[Data section]

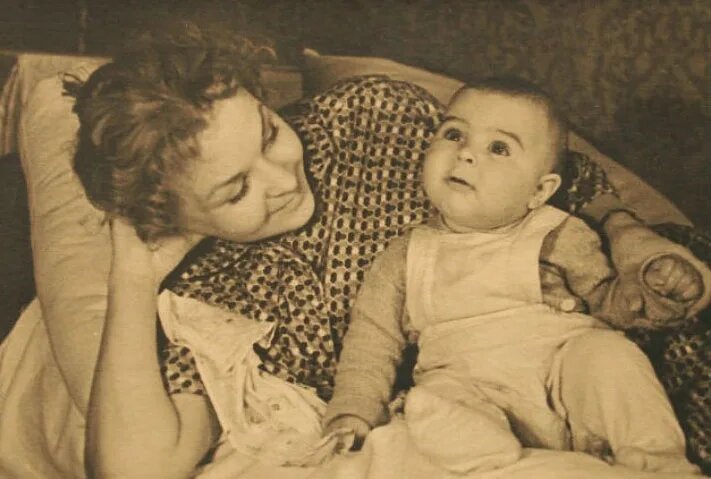 Нина Ургант с сыном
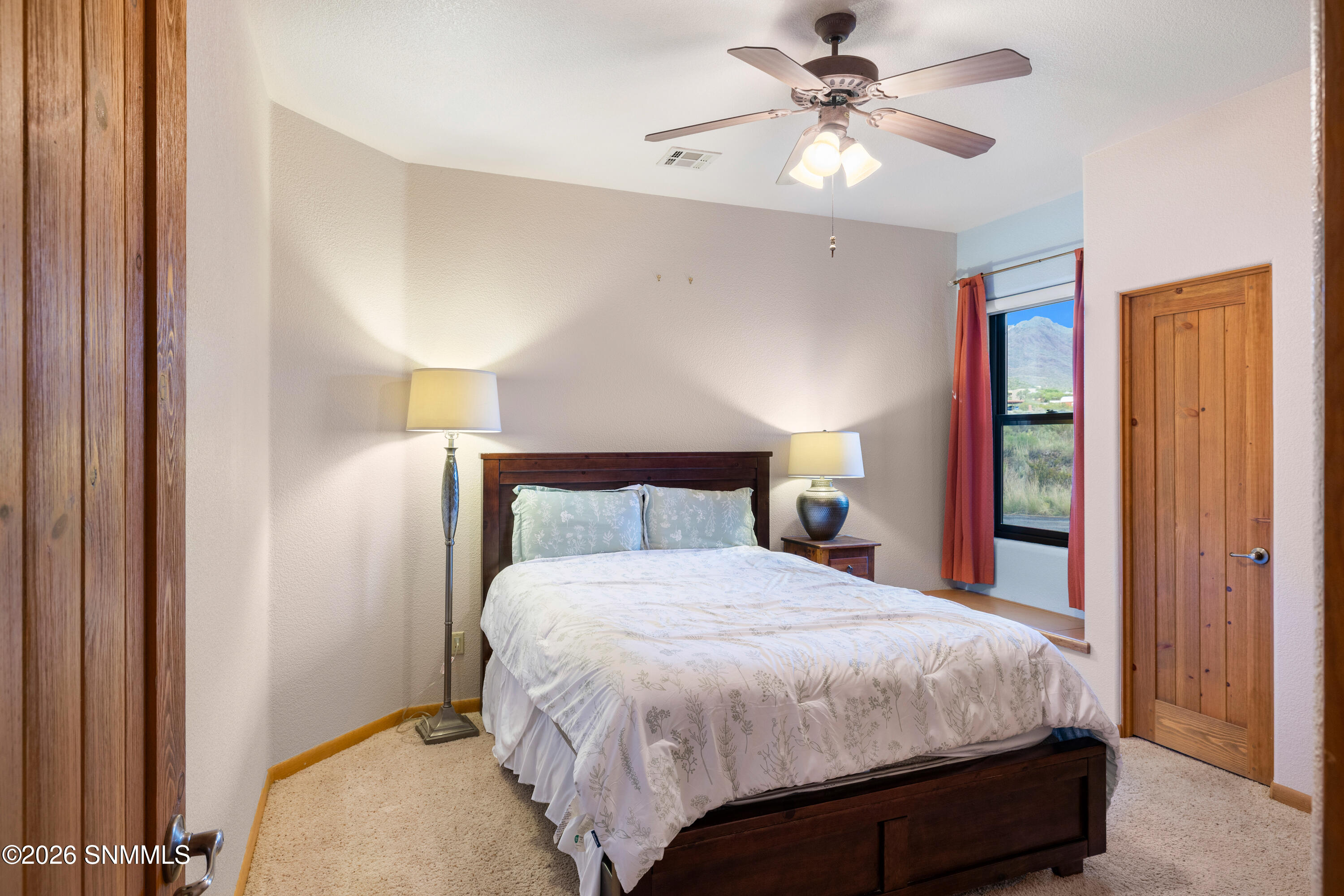 5025-Silverton-MLS-Camera-Guy-31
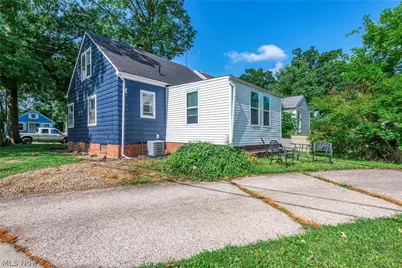 14404 Broxton Avenue, Loveland, OH 44111 - Photo 37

[/Data section]

[Work task]
Your answer must be an exact copy of the listing, with every picture omitted.

[Your response]
 Нина Ургант с сыном
 5025-Silverton-MLS-Camera-Guy-31
 14404 Broxton Avenue, Loveland, OH 44111 - Photo 37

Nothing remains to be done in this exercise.